The worker in the above generates a list of 10 million floats, which assumes
32-bit float, would be 40MB, before adding the overhead that Python introduced
to the data structures. It is obvious that the memory usage is climbing up
while the jobs are executed by the thread pool. The reason for the “memory
leak” is at the future
object: You can always get back the return value using
future.result()
, and the future
objects are those created by
executor.submit()
— they are in the jobs
list created before the
for-loop.
Therefore, in case we can discard the future
object that completed, we can
save some memory. It is easy to do in Python: as_completed()
function needs
only an iterable. Hence we can use a generator instead of a list, like the
following:
import concurrent.futures
import datetime
import math
import resource
def worker(n):
print(f"{datetime.datetime.now()}: worker {n} started")
x = []
for i in range(10_000_000): # just some slow operation
x.append(math.sin(i))
print(f"{datetime.datetime.now()}: worker {n} return")
return x
def main():
with concurrent.futures.ThreadPoolExecutor(max_workers=3) as executor:
jobs = (executor.submit(worker, n) for n in range(50))
for future in concurrent.futures.as_completed(jobs):
_ = future.result()
print(f"{datetime.datetime.now()}: Memory usage {resource.getrusage(resource.RUSAGE_SELF).ru_maxrss}")

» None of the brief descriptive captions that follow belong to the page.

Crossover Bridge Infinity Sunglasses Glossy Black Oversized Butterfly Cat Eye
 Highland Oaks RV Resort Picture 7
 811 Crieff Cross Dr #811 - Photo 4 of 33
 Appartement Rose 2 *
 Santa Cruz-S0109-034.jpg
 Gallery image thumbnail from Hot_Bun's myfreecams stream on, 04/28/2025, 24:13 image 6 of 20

if __name__ == "__main__":
main()
In this case, the memory consumption stayed flat:
2024-02-09 15:25:37.403959: worker 0 started
2024-02-09 15:25:37.404110: worker 1 started
2024-02-09 15:25:37.416765: worker 2 started
2024-02-09 15:25:40.267059: worker 0 return
2024-02-09 15:25:40.267160: worker 3 started
2024-02-09 15:25:40.279696: Memory usage 1044201472
2024-02-09 15:25:40.347980: worker 2 return
2024-02-09 15:25:40.348048: worker 4 started
2024-02-09 15:25:40.421628: worker 1 return
2024-02-09 15:25:40.421696: worker 5 started
2024-02-09 15:25:40.432426: Memory usage 1066827776
2024-02-09 15:25:40.542792: Memory usage 1066827776
2024-02-09 15:25:43.285008: worker 3 return
2024-02-09 15:25:43.285091: worker 6 started
2024-02-09 15:25:43.387106: Memory usage 1385267200
2024-02-09 15:25:43.447038: worker 4 return
2024-02-09 15:25:43.447112: worker 7 started
2024-02-09 15:25:43.521575: worker 5 return
2024-02-09 15:25:43.521615: Memory usage 1385267200
...
2024-02-09 15:26:23.008981: worker 42 return
2024-02-09 15:26:23.021109: worker 45 started
2024-02-09 15:26:23.110888: Memory usage 1512325120
2024-02-09 15:26:23.193712: worker 43 return
2024-02-09 15:26:23.193791: worker 46 started
2024-02-09 15:26:23.275376: Memory usage 1512325120
2024-02-09 15:26:23.379593: worker 44 return
2024-02-09 15:26:23.391285: worker 47 started
2024-02-09 15:26:23.466048: Memory usage 1512325120
2024-02-09 15:26:26.115932: worker 46 return
2024-02-09 15:26:26.116017: worker 48 started
2024-02-09 15:26:26.199723: Memory usage 1512325120
2024-02-09 15:26:26.210967: worker 45 return
2024-02-09 15:26:26.211051: worker 49 started
2024-02-09 15:26:26.297508: Memory usage 1512325120
2024-02-09 15:26:26.433841: worker 47 return
2024-02-09 15:26:26.519633: Memory usage 1512325120
2024-02-09 15:26:28.275848: worker 49 return
2024-02-09 15:26:28.345301: Memory usage 1512325120
2024-02-09 15:26:28.345372: worker 48 return
2024-02-09 15:26:28.399259: Memory usage 1512325120
I believe using a generator is the cleanest way to do. Otherwise, you can
always remove the item in the list using jobs.remove(future)
at the end of
the for-loop, or something similar if you use set or dict instead of a list.